Hime and her three friends, with text: "Meguro River Detective Agency"
Kids tend to create detective agencies on a whim.
The Meguro River Detective Agency should inspect the case of Hime’s Missing Mother

Speculating about the mystery of Mrs. Goto reminds me of the ultimate purpose of most single dad anime, and why the kids tend to be so idealized. The primary affective goal isn’t about the father and the daughter as characters; it’s about their relationship. Specifically, it’s mostly for a male audience to project themselves onto the main character and indulge in the fantasy how nice it would be to have an adorable, obedient daughter. It’s the same kind of energy that gives the world things like father-daughter dances, with an extra layer of abstraction. It’s about experiencing the warm fuzzy feels of fatherhood without the messiness and exhaustion of having an actual child.

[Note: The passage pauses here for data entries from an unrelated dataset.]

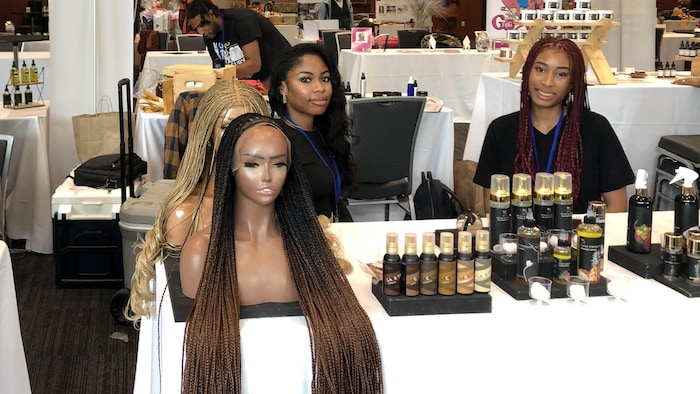 Deux femmes assises derrière leurs produits d'huile pour les cheveux.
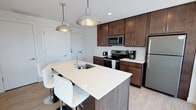 Located at 2202 S Kinnickinnic, this single-floor unit showcases a contemporary design with clean lines, light wood-tone flooring, and crisp white walls throughout. The kitchen is a standout feature, equipped with rich dark-stained cabinetry, white quartz countertops, stainless steel appliances, and a spacious island with an integrated sink and bar seating. Industrial-style pendant lights add character above the island, creating a functional yet stylish workspace.

The living area is bright and airy, benefiting from large floor-to-ceiling windows and a sliding glass door that opens to a private balcony overlooking a green outdoor space. A separate dining nook features oversized windows framing lively street views of the surrounding neighborhood.

The bedrooms are well-proportioned, with large windows that invite abundant natural light and offer tree-lined outdoor views. Soft carpet underfoot and roller shades provide comfort and privacy. The bathroom maintains the unit's modern aesthetic with light tile flooring, a dark-stained vanity, white countertop, and a walk-in shower area. Throughout the space, the consistent use of neutral tones, modern hardware, and thoughtful layout create a cohesive, polished living environment.
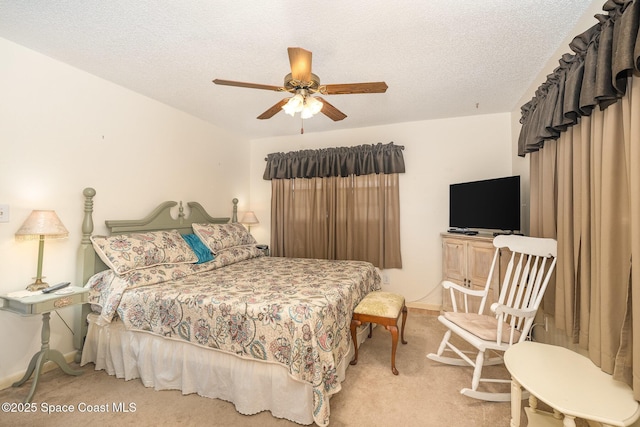1005 Knox Mcrae Dr Unit B-210, Titusville, FL 32780 - bedroom with carpet floors, a textured ceiling, and a ceiling fan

Sorry, I’m being kind of a downer here. I just got to thinking about why it’s always single dad anime and never single mom or happily married parents anime. Kakushigoto may indulge in a bit of fantasization about the nature of the father-daughter bond, but it’s certainly not the most egregious example, and it’s low on the creepiness factor that haunts some of the worst ones. Its razor-sharp wit and observational humor keep things fresh and funny, and there’s just enough edge to avoid dipping into saccharine territory. It seems likely this one will draw a dedicated following.